APME Panelists discuss their ongoing Online Credibility Projects

Slideshow by Lauren Foreman

Story by Eric Berger

Grappling with the vast, timeless, open and unflinching nature of  publishing online can certainly be difficult. 

Thursdays morning’s session provided evidence of this as editors discussed issues involving reader postings, the separation of news from opinion and “unpublishing”. 

Six different newsrooms participated in APME projects aimed at examining online credibility.

Elaine Kramer moderated the discussion with Ken Fleming, director of the Center for Advanced Social Research at the Reynolds Journalism Institute, Kathy English, public editor for The Toronto Star, and Chris Cobler editor of the Victoria (Texas) Advocate, participating in the panel. 

English’s project examined the issue of unpublishing. People often want news to disappear, she said, and while the print product will be yesterday’s recycling, the online content can live forever. While a complete solution to this has not been found, one of the key answers English mentioned is transparency. A person may come to the newspaper horribly upset at what has been published and the damage to their reputation it has left, and a clear policy must be conveyed as to why or why not something will be unpublished. 

Source remorse should not serve as a reason for unpublishing and decisions about whether content should be taken down should be done by a consensus, not just one person, she said. 

With regards to crimes and misdemeanors committed by minors and the lasting stigma, English said a tool to remove news from the website after six months could be a solution. 

English wrote a column on the issue and said she was surprised by reader’s understanding of why a newspaper wouldn’t take a story down.

Search engines serve as another source for unwanted stories to be found through. Even if a newspaper takes something down, that doesn’t necessarily take it off a Google News search. English responded by saying this issue needs more discussion between newspapers and news aggregate sites such as Google.

She also said lawyers have told her they believe legal precedence on unpublishing will come.

Cobbler discussed how their redesigned site effected their credibility. With Fleming’s help they conducted surveys of Advocate readers and found that their audience seemed to have the same level of trust in the online content as the print edition. That being said, only 19 percent of their readers contributed online. Almost equal numbers of people said they trusted unsigned postings by readers as much as letters to the editor.

The subject of how to deal with inappropriate commenting was also brought up. Even if a comment is taken down, readers can make assumptions about what was written.

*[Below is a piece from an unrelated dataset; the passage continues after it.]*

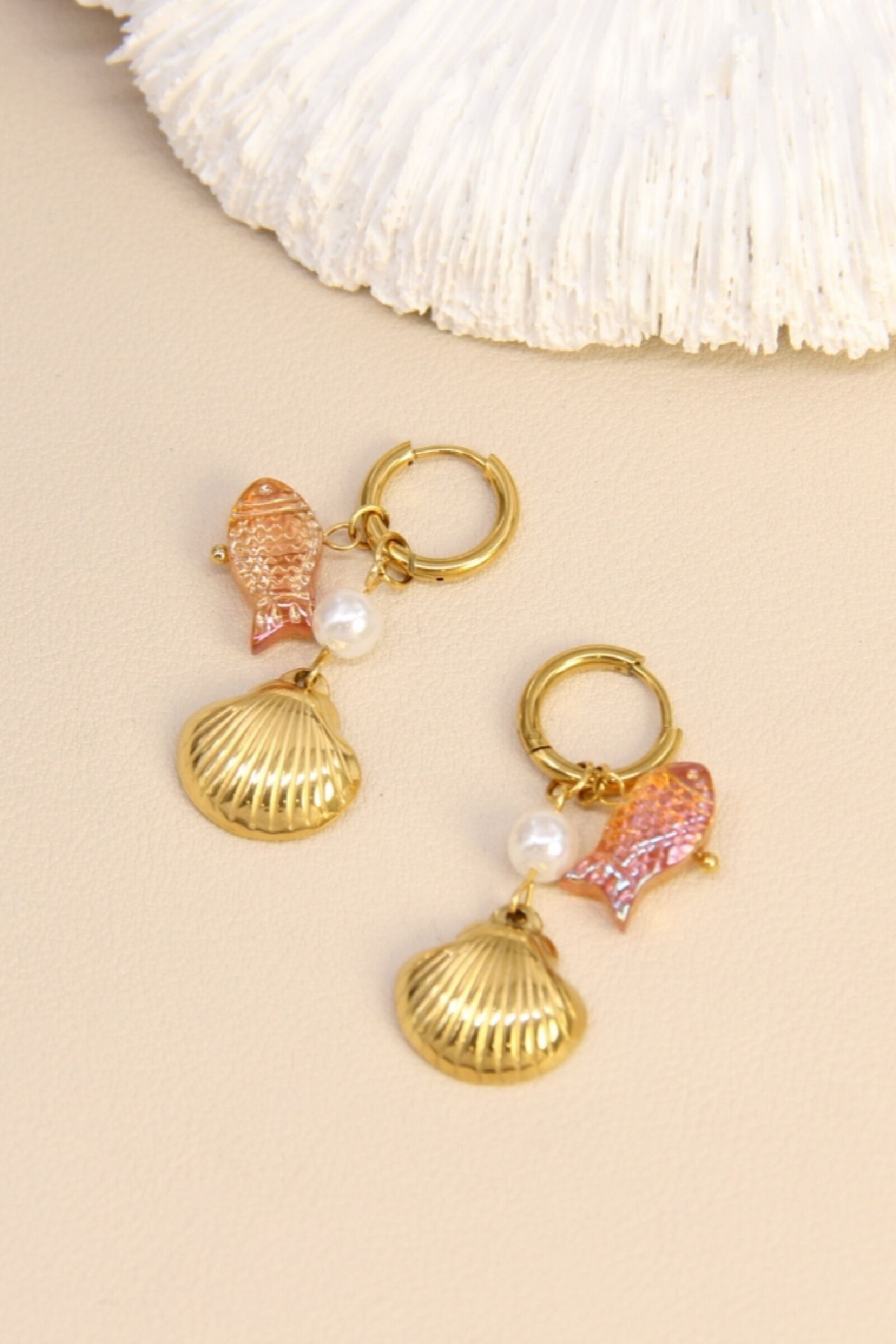 Muschel- und emaillierte Fischohrringe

This is another issue that also remains without solid answers.

Looking to the future, Cobbler said a primary issue would be, how do we make sure online interactivity benefits the community? 

Enhanced registration, additional education steps to users and an e-ethics board of readers are components  Cobbler sees as potential answers to this question.

The APME will publish websites for the online credibility projects with space to interact and host webinars over the next year.